Purpose
The aim here is to parse your file-names identifying suitable textual file dates and times, where you have incorporated something suitable in the file-name, and changing file dates as saved on disk accordingly. Suitable dates can be re-used by saving file-choices as favourites.
Mask Syntax
The procedure reads any file-names in the Folder to process (and optionally its sub-folders) and attempts to parse them. If an indicator is found it will record a suitable date combination. Then if the date can be recognised in the computer file system (after January 1st 1980) it will register the file's date as desired.

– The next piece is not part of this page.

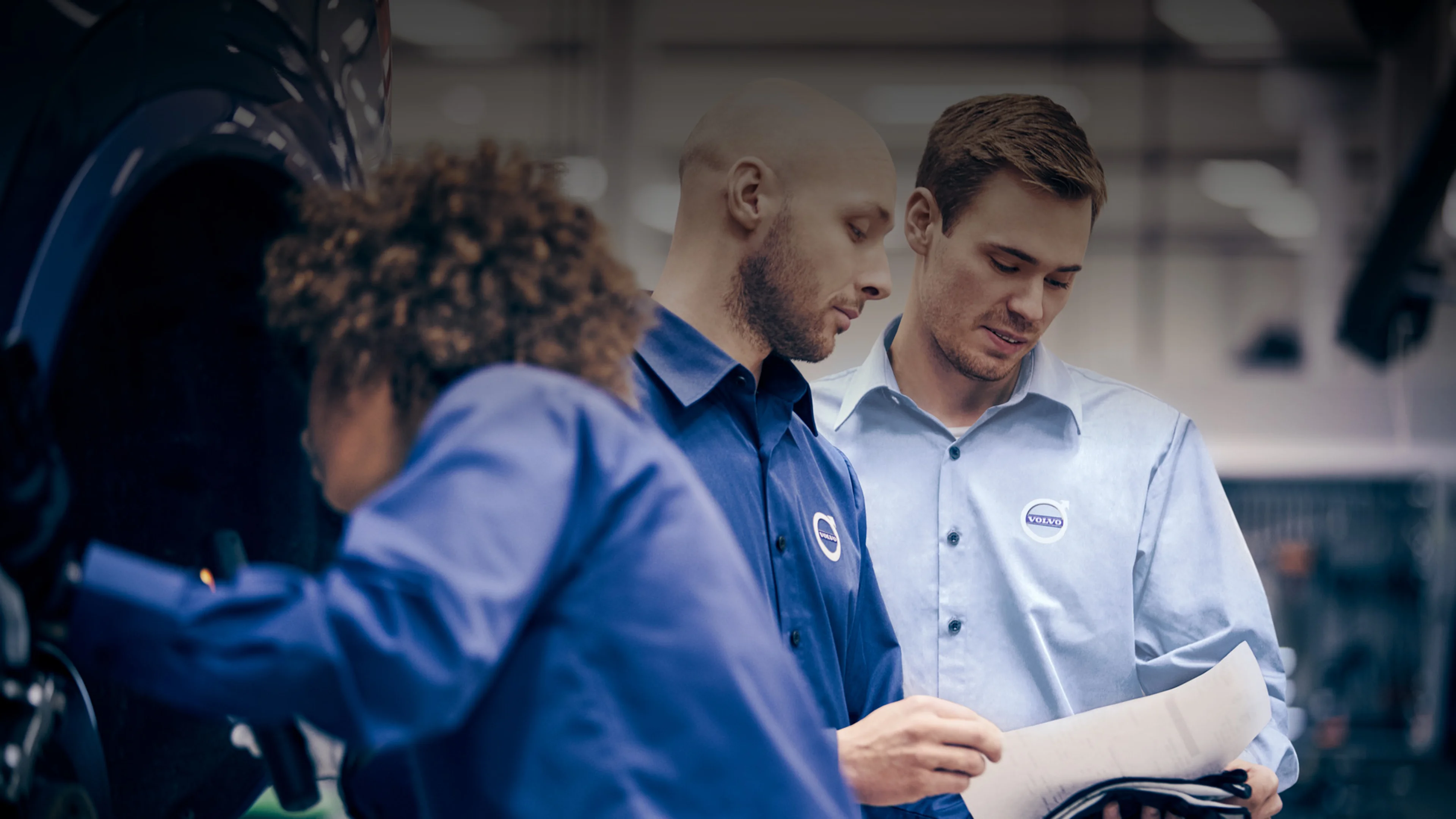 Three Volvo service technicians at work.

Suitable indicators of textual date are
YY or YYYY year, two or four digits (YY=a 19th, 20th or 21st Century date depending on the choice set above)
MM month
DD day
* skip all characters until a digit is found
The procedure doesn't understand words such as "December" or "Five", it only uses digits. Any character other than Y,M,D,* in the mask simply gets ignored.
Show file Dates & Times
If you choose this button, the program simply examines all the text files found and lists all different file-dates and times as stored on the file system, ignoring the Mask. It lists results in the Results file. The point of it is to check whether your texts cover the range of times & dates you expect.

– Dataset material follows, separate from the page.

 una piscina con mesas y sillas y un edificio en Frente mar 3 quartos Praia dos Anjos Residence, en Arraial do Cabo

Make list and set file date using Mask
The program will always add each entry found to a simple text file (Results file) listing its file-name and adding a suitable date as expected in the auto-date procedure, (or <no date found> if the mask didn't match a valid date). In addition, where the result is 1st January 1980 or later, it will set the file's time and date in the operating system to the date as parsed, so that WordSmith will automatically match the date of the text contents to the date stored on disk.
When all files have been processed, the program opens the list of files in Notepad or equivalent. Use it afterwards in the auto-date procedure within file-choosing and save your preferred text files as favourites.
The idea is to find a header in each text and extract the date, then set the file-system to that date. Use the Find header date and set it button.
If the required header is found in the text the file will get its date set to that date.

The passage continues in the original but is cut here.